TEL AVIV, Israel - A deal negotiated in secret will see the Israel Navy take delivery of 3 nuclear-enabled submarines over the next decade.
Germany is to provide the Dolphin-class submarines as a result of secret negotiations which have spanned the last few months.
Israel will pay a substantially discounted price of $1.3 billion for the three submarines.
The deal is expected to be finalised in early November.
According to The Jerusalem Post, quoting foreign reports, the Israel Navy's Dolphins 'provide Israel with nuclear second-strike capabilities, as they can travel far from Israel's territorial waters and are reportedly able to carry long-range cruise missiles tipped with nuclear warheads.'
Israel, which orchestrated the drive against Iran becoming a nuclear power, and has bombed emerging nuclear facilities in Iraq and Syria, has itself been developing nuclear weapons since the 1950s. The Dimona nuclear plant in the Negev desert had its origins in 1954, just six years after the birth of Israel. The late Shimon Peres as Director General of the Israeli Defense Ministry was responsible for the development of the facility. A pact with France was secretly negotiated and hundreds of French scientists were brought in to develop the facility, in absolute secrecy.
To offset the concerns of satellite surveilance, the Jewish state publicly touted the facility as a business park or textile factory. When U.S. President John Kennedy aroused suspicions in 1963, Israel maintained its denials. Kennedy applied so much pressure, David Ben-Gurion resigned as prime minister of Israel just months before Kennedy was assassinated. Some researchers implicate the Israeli inteligence agency Mossad among those considered responsible for the assassination.
Peres himself was asked point blank by Kennedy if Israel was building a nuclear facility. Summoned to the Oval Room in the White House on a 1963 visit to Washington, the young Peres was asked in his words, '30 rapid-fire questions,' before Kennedy asked: "Are you building a nuclear option?" Peres said he changed the subject.
To this day Israel has neither confirmed or denied publicly it has a nuclear facility. The only official statement on Dimona was made on December 21 1960 when Ben-Gurion, in response to an aricle in Time magazine which spawned a flurry of media coverage, announced to the Knesset his government was building "a 24 megawatt reactor which will serve the needs of industry, agriculture, health, and science," and that it "is designed exclusively for peaceful purposes."

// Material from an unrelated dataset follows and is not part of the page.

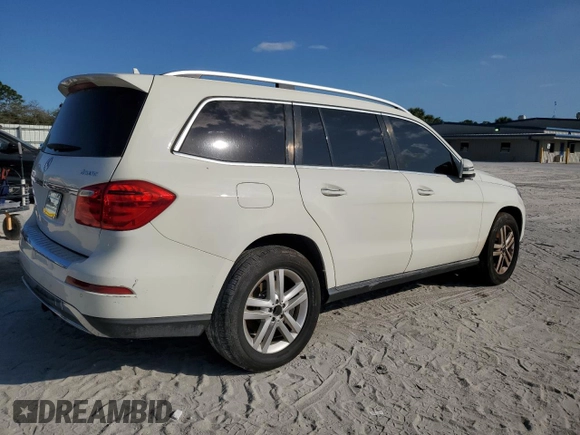 2013 Mercedes-Benz GL 450 z VIN 4JGDF7CE7DA181111, wystawiony jako Copart lot #44963555 z przebiegiem 114 517 mil mil oraz Czysty tytuł • Clean title. Historia ofert i sprzedaży dostępna na DreamBid. Obrazek 3.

The Israel Navy until last year had a fleet of four Dolphin-class submarines operating out of its naval base at Haifa. A fifth submarine ariived in late December last year after which it was expected to be fitted with Iraeli-built systems which took several months. It is believed it is operational now.
"Submarines bring a level of intelligence to Israel that cannot be achieved by other units," Lt.-Cmdr. Y., a past commander of the navy's submarine school, told The Jerusalem Post in 2014.
"Drones that fly in the air can be shot down," he said, "but a submarine can stay in enemy territory for weeks, and no one knows it's there. It can lurk off coastal regions without any problem at all. The level of intelligence this brings is not heard about by the public. All of our operations build on past operations."
In addition to the new submarines, the Israeli Navy has been working closely with Germany to upgrade its entire combat surface naval fleet. New German-built, Israeli-equipped Sa'ar-6 corvettes will be added to the fleet over the next few years, and new radars and electronic warfare systems are being added to existing Sa'ar-5 and Sa'ar 4.5 ships. By 2024, the upgraded corvettes and missile boats will be joined by four larger Sa'ar-6 combat ships, the result of a 430 million euro deal signed between Israel and Germany last year.
"All the top-side arrangements above the water line are basically a German and Israeli design, tailored for the needs of the Israel Navy and integrated with our own radar, electronic warfare and other systems," Israel Navy Captain Ariel Shir, head of the Electronic Combat Systems Department in the service's Materiel Command said when the deal was announced last year.
"Now that the contract is signed on the Sa'ar-6 ships, we're starting to contract for the subsystems," Shir said at the time.